US Army officer and Medal of Honor recipient

Captain George Newman Bliss (July 22, 1837 – August 29, 1928) was an American soldier who fought in the American Civil War. Bliss received the country's highest award for bravery during combat, the Medal of Honor, for his actions to counter a Confederate advance in Waynesboro, Virginia on 28 September 1864. He was honored with the award on 3 August 1897.

==Biography==
Bliss was born in Tiverton, Rhode Island on 22 July 1837 to James Leonard and Sarah A. Bliss née Stafford. Before the war Bliss completed his law degree at Albany Law School in May 1861 and was called to the bar in New York. That same year he enlisted into the Company B of the 1st Rhode Island Cavalry.
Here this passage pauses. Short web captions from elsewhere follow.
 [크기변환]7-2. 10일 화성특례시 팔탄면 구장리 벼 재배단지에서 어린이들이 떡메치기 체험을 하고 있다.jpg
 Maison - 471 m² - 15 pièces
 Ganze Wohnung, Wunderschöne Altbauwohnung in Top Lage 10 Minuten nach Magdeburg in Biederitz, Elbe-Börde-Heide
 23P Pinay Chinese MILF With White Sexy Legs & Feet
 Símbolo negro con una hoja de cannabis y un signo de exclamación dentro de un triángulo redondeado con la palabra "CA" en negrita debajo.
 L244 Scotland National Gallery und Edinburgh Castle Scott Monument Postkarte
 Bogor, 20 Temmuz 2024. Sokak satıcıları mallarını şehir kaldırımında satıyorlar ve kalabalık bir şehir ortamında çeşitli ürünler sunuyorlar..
The following year he was promoted to captain of Company C. He participated in several Civil War battles including the Battle of Second Bull Run, the Battle of Middleburg within the Gettysburg campaign and the First Battle of Deep Bottom as part of the Siege of Petersburg. In September 1864, while in command of a provost guard in the Shenandoah Valley he performed an act of gallantry that resulted in his capture by Confederate soldiers and earned him his Medal of Honor award after his release from Libby Prison on 5 February 1865.

Bliss mustered out of the army in 1865, following the conclusion of the war. He subsequently married Fanny Amelia Carpenter with whom he had five children. He died on 29 August 1928 in East Providence, Rhode Island and is buried at Lakeside-Carpenter Cemetery.

==Medal of Honor citation==

While in command of the provost guard in the village, he saw the Union lines returning before the attack of a greatly superior force of the enemy, mustered his guard, and, without orders, joined in the defense and charged the enemy without support. He received three saber wounds, his horse was shot, and he was taken prisoner.